Work instructions: When the material ends, stop; until then, set down every line exactly.

Source data:
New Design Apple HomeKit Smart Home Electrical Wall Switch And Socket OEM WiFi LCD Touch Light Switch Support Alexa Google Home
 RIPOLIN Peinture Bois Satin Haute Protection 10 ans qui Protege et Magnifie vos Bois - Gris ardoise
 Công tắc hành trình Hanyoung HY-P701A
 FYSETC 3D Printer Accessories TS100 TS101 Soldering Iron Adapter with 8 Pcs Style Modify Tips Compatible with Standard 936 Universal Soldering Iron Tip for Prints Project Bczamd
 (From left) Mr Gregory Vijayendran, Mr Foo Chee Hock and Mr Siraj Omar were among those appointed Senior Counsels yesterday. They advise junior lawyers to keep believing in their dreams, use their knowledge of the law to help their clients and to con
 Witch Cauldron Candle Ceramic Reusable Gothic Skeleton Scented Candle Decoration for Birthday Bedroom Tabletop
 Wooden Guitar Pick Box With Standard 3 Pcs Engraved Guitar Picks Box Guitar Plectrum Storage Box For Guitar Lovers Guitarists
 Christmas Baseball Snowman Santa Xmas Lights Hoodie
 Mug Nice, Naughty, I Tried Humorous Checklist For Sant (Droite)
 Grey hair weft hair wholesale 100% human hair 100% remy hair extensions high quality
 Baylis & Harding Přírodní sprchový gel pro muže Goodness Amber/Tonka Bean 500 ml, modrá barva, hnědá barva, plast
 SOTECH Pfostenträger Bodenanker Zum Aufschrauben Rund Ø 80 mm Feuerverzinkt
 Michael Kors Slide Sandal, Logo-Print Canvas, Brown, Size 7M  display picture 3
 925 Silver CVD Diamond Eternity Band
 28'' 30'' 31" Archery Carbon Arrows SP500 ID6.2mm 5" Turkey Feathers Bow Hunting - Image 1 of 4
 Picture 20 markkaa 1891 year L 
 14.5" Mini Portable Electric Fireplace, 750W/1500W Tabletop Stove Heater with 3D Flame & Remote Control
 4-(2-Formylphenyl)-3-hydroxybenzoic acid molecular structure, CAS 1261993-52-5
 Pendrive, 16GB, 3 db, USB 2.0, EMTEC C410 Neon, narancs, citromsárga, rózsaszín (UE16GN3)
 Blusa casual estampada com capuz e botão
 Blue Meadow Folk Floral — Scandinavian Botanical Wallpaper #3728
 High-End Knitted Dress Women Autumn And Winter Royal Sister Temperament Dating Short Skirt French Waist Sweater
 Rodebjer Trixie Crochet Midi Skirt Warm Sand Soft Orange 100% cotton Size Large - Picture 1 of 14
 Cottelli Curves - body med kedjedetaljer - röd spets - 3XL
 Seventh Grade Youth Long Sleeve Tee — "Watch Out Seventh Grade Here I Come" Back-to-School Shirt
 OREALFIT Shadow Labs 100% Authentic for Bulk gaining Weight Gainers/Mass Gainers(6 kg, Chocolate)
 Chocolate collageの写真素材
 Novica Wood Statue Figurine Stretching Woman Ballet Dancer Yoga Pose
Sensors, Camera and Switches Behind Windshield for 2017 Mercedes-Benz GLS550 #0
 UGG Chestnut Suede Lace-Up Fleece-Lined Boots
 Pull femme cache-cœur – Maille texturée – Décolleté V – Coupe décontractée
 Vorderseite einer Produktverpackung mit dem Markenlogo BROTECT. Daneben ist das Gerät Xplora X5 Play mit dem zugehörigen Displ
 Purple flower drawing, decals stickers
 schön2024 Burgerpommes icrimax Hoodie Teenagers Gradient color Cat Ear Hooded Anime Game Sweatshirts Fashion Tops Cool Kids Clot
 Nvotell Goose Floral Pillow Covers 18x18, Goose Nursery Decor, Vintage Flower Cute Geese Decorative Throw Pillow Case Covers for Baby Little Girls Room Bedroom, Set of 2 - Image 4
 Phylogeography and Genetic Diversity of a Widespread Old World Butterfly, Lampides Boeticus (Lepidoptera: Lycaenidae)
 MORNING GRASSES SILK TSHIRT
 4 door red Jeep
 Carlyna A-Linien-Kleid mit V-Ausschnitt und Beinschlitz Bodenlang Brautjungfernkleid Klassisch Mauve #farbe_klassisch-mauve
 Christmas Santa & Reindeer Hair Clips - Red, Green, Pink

Your response:
New Design Apple HomeKit Smart Home Electrical Wall Switch And Socket OEM WiFi LCD Touch Light Switch Support Alexa Google Home
 RIPOLIN Peinture Bois Satin Haute Protection 10 ans qui Protege et Magnifie vos Bois - Gris ardoise
 Công tắc hành trình Hanyoung HY-P701A
 FYSETC 3D Printer Accessories TS100 TS101 Soldering Iron Adapter with 8 Pcs Style Modify Tips Compatible with Standard 936 Universal Soldering Iron Tip for Prints Project Bczamd
 (From left) Mr Gregory Vijayendran, Mr Foo Chee Hock and Mr Siraj Omar were among those appointed Senior Counsels yesterday. They advise junior lawyers to keep believing in their dreams, use their knowledge of the law to help their clients and to con
 Witch Cauldron Candle Ceramic Reusable Gothic Skeleton Scented Candle Decoration for Birthday Bedroom Tabletop
 Wooden Guitar Pick Box With Standard 3 Pcs Engraved Guitar Picks Box Guitar Plectrum Storage Box For Guitar Lovers Guitarists
 Christmas Baseball Snowman Santa Xmas Lights Hoodie
 Mug Nice, Naughty, I Tried Humorous Checklist For Sant (Droite)
 Grey hair weft hair wholesale 100% human hair 100% remy hair extensions high quality
 Baylis & Harding Přírodní sprchový gel pro muže Goodness Amber/Tonka Bean 500 ml, modrá barva, hnědá barva, plast
 SOTECH Pfostenträger Bodenanker Zum Aufschrauben Rund Ø 80 mm Feuerverzinkt
 Michael Kors Slide Sandal, Logo-Print Canvas, Brown, Size 7M  display picture 3
 925 Silver CVD Diamond Eternity Band
 28'' 30'' 31" Archery Carbon Arrows SP500 ID6.2mm 5" Turkey Feathers Bow Hunting - Image 1 of 4
 Picture 20 markkaa 1891 year L 
 14.5" Mini Portable Electric Fireplace, 750W/1500W Tabletop Stove Heater with 3D Flame & Remote Control
 4-(2-Formylphenyl)-3-hydroxybenzoic acid molecular structure, CAS 1261993-52-5
 Pendrive, 16GB, 3 db, USB 2.0, EMTEC C410 Neon, narancs, citromsárga, rózsaszín (UE16GN3)
 Blusa casual estampada com capuz e botão
 Blue Meadow Folk Floral — Scandinavian Botanical Wallpaper #3728
 High-End Knitted Dress Women Autumn And Winter Royal Sister Temperament Dating Short Skirt French Waist Sweater
 Rodebjer Trixie Crochet Midi Skirt Warm Sand Soft Orange 100% cotton Size Large - Picture 1 of 14
 Cottelli Curves - body med kedjedetaljer - röd spets - 3XL
 Seventh Grade Youth Long Sleeve Tee — "Watch Out Seventh Grade Here I Come" Back-to-School Shirt
 OREALFIT Shadow Labs 100% Authentic for Bulk gaining Weight Gainers/Mass Gainers(6 kg, Chocolate)
 Chocolate collageの写真素材
 Novica Wood Statue Figurine Stretching Woman Ballet Dancer Yoga Pose
Sensors, Camera and Switches Behind Windshield for 2017 Mercedes-Benz GLS550 #0
 UGG Chestnut Suede Lace-Up Fleece-Lined Boots
 Pull femme cache-cœur – Maille texturée – Décolleté V – Coupe décontractée
 Vorderseite einer Produktverpackung mit dem Markenlogo BROTECT. Daneben ist das Gerät Xplora X5 Play mit dem zugehörigen Displ
 Purple flower drawing, decals stickers
 schön2024 Burgerpommes icrimax Hoodie Teenagers Gradient color Cat Ear Hooded Anime Game Sweatshirts Fashion Tops Cool Kids Clot
 Nvotell Goose Floral Pillow Covers 18x18, Goose Nursery Decor, Vintage Flower Cute Geese Decorative Throw Pillow Case Covers for Baby Little Girls Room Bedroom, Set of 2 - Image 4
 Phylogeography and Genetic Diversity of a Widespread Old World Butterfly, Lampides Boeticus (Lepidoptera: Lycaenidae)
 MORNING GRASSES SILK TSHIRT
 4 door red Jeep
 Carlyna A-Linien-Kleid mit V-Ausschnitt und Beinschlitz Bodenlang Brautjungfernkleid Klassisch Mauve #farbe_klassisch-mauve
 Christmas Santa & Reindeer Hair Clips - Red, Green, Pink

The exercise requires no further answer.